NAM positions have always been the reflection of the lowest common denominator in any given situation.
Does NAM has no ideal/ideology?
That NAM has no ideal or ideology as a glue is a wrong assumption. Though the criteria for NAM membership are general, anti-colonialism, anti-imperialism and anti-racism were essential attributes of NAM countries.
There was a consensus on nuclear disarmament also till India broke ranks by keeping out of the Non-Proliferation Treaty.
The diversity reflected in both Singapore and Cuba being NAM members has been its strength. Therefore, Egypt signing the Camp David Accords with Israel in 1978 or India signing the Treaty of Peace, Friendship and Cooperation with the Soviet Union in 1971 did not result in any disruption of membership.
Benefits of NAM
The golden age in India’s foreign policy was in the first 15 years after Independence, when NAM provided a constituency for India because of our non-violent victory over the British and the leadership it provided to the newly independent countries.

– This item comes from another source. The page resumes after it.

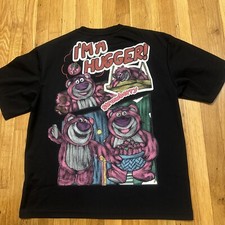 Camiseta gráfica importada Disney Toy Story Lotso Huggin Bear I'm A Hugger masculina, usado comprar usado  Enviando para Brazil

India led the NAM effort to resolve the Iran-Iraq dispute.
As expected, political issues continued to engage NAM and we benefitted from its activism occasionally.
In fact, it was through NAM that we operated to counter the efforts to expand the UN Security Council by including just Germany and Japan as permanent members. NAM submitted its own proposal and ensured that no quick fix was permitted.
NAM is particularly important in elections at the UN, including the possible identification of new permanent members of the Security Council.
No NAM country may agree to isolate Pakistan, but the NAM forum will be an effective instrument to project our anti-terrorist sentiments.
India’s current foreign policy- a shift from past
Why such shift?
India seeks to balancethe benefits and risks of an increasingly assertive neighbour (China) and a network of alliances with like-minded countries.
China’s rise and assertiveness as a regional and global power and the simultaneous rise of middle powers in the region mean that this balancing act is increasing in both complexity and importance, simultaneously.
China’s growth presents great opportunities for positive engagement, but territorial disputes and a forward policyin the region raise concerns for India, particularly in the Indian Ocean and with Pakistan.
Forward policy= a foreign policy doctrine applicable to territorial disputes where emphasis is placed on securing control of disputed areas by invasion and annexation or creating a buffer state.
The region itself is riddled with rivalries; a desire to balance China may push states together, while other issues divide them. The same applies on the global level as noted by the unpredictability in Sino-US relations.
The decision to say farewell to NAM is very much in keeping with the new transactional nature of the foreign policy we are developing. NAM was a part of our larger vision for the world, but today it is seen as inconsequential to our present preoccupations. This transformation will not be lost on the world community.
Connecting the dots:
Is a shift in India’s foreign policy approach with respect to non-alignment significant? Critically analyse
India’s non-alignment policy gave it an independent foreign policy. With multi-alignment, India’s strategic and autonomous foreign policy faces threat. Do you agree? Examine.